Çocukluktan ilkgençliğe adım attığım yıllar...
Gündemimde ilk sırayı şiirle sinema paylaşıyorlar. Gideceğim filmi oyuncularına bakarak seçiyorum. Errol Flynn, Gary Cooper, Humphrey Bogart'sa tamam. Figüranına kadar hepsiyle akrabayım sanki.
Yönetmenin ne yaptığını bilmiyorum. Yazan yazmış, oynayan oynamış, çeken çekmiş... Bu "rejisör" ya da "directed by" ne işe yarar, aklım ermiyor. Zaten afişlerde bile adı geçmiyor. John Ford'muş, Michael Curtiz'miş, umurumda bile değil.
Gazetelerde, dergilerde yönetmenin önemini vurgulayan tek satır yok. Varsa yoksa yıldızlar... Rita Hayworth'ların, Joan Fontaine'lerin, Ann Sheridan'ların koca koca fotoğrafları... Bırakın günlük gazeteleri, sinema dergilerinde bile film eleştirisi hak getire. Arada bir Sezai Solelli eleştiriye benzer birkaç satır çiziktiriyor, o kadar. Kırk yılda bir de Oktay Akbal.
Basınımızda düzenli film eleştirisi galiba Tuncan Okan'la başladı. Gazetedeki haftalık köşesinde görüşlerinden çok, filmlere verdiği yıldızlar konuşulurdu. Tek yıldız berbat! Dört yıldızsa şaheser!
***
Sinema eleştirmenliğini ülkemizde
"yerleştiren",
"ciddiye aldıran" kişi
Atilla Dorsay oldu. Atilla, aydın kimliğinin, bilgi birikiminin, sinema sevgisinin yanına sabrı, direnci, emeği de ekledi, yedinci sanatı önemseten bir yazar olarak belirdi.
Çalışkanlığı beni hep şaşırtmıştır. Kitaplarının sayısını belki kendisi de unutmuştur.
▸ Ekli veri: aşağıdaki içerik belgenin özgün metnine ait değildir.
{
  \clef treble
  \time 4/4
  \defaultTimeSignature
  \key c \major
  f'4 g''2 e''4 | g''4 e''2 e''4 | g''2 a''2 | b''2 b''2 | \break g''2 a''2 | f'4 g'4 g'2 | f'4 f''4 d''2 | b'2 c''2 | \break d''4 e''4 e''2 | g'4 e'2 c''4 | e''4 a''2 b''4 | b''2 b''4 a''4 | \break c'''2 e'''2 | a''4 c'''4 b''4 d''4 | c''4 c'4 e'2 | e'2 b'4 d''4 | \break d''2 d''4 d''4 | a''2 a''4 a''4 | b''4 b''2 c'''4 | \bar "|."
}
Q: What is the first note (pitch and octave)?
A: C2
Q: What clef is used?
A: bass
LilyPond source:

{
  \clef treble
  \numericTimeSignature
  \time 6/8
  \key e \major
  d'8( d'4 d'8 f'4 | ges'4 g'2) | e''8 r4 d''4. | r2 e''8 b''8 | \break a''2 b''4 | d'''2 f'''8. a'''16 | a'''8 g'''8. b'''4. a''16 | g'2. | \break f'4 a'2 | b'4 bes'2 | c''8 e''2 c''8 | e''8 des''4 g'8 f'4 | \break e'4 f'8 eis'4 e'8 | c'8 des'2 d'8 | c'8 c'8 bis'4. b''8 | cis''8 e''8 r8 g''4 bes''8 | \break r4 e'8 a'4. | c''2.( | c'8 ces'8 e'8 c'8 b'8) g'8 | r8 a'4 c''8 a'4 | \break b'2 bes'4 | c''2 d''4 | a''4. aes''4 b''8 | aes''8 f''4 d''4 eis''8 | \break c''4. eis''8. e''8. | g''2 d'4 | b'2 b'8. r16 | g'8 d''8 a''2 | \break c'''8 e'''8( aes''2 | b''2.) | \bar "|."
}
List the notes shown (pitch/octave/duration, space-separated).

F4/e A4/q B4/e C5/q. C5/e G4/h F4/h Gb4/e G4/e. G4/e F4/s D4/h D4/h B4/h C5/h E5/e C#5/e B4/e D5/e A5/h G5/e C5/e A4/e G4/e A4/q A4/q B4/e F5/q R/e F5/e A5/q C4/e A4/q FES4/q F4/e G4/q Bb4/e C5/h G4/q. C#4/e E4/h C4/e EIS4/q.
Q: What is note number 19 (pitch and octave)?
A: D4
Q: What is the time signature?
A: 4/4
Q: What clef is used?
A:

Önümde şu günlerde peş peşe yayımlanan üç kitabı duruyor:
Dorsay'ın Penceresinden (Remzi Kitabevi),
Hindistan Sıcağından Norveç Buzuluna (Turkuvaz Kitap),
Sinemayı Yazan Adam (Söyleşi: Rıza Kıraç, Say Yayınları).
Eskiden
"seriyal" filmler vardı.
"36 Kısım Tekmili Birden" diye oynatılırdı.
Dev Adam,
Casus Kıran,
Yüzbaşı Amerika gibi... Atilla'nınki de öyle. Bir ayda üç kitap... Tekmili birden.
***
Dorsay'ın Penceresinden'in alt başlığı
"Kültür ve Sanat Dünyamızdan Portreler".
Cahide Sonku'yla başlayıp
Şahin Dilbaz'la (daha doğrusu Dilbaz'ların salonuyla) sona eren 50 portre. Arada
Türkan Şoray'lar,
Hülya Koçyiğit'ler,
Cüneyt Arkın'lar,
Onat Kutlar'lar,
Lütfi Akad'lar,
Yılmaz Güney'ler,
Yıldız Kenter'ler,
Sezen Aksu'lar var... Genellikle üçer-dörder sayfada son derece yalın çizgilerle, ama ayrıntılar göz ardı edilmeden çizilmiş portreler...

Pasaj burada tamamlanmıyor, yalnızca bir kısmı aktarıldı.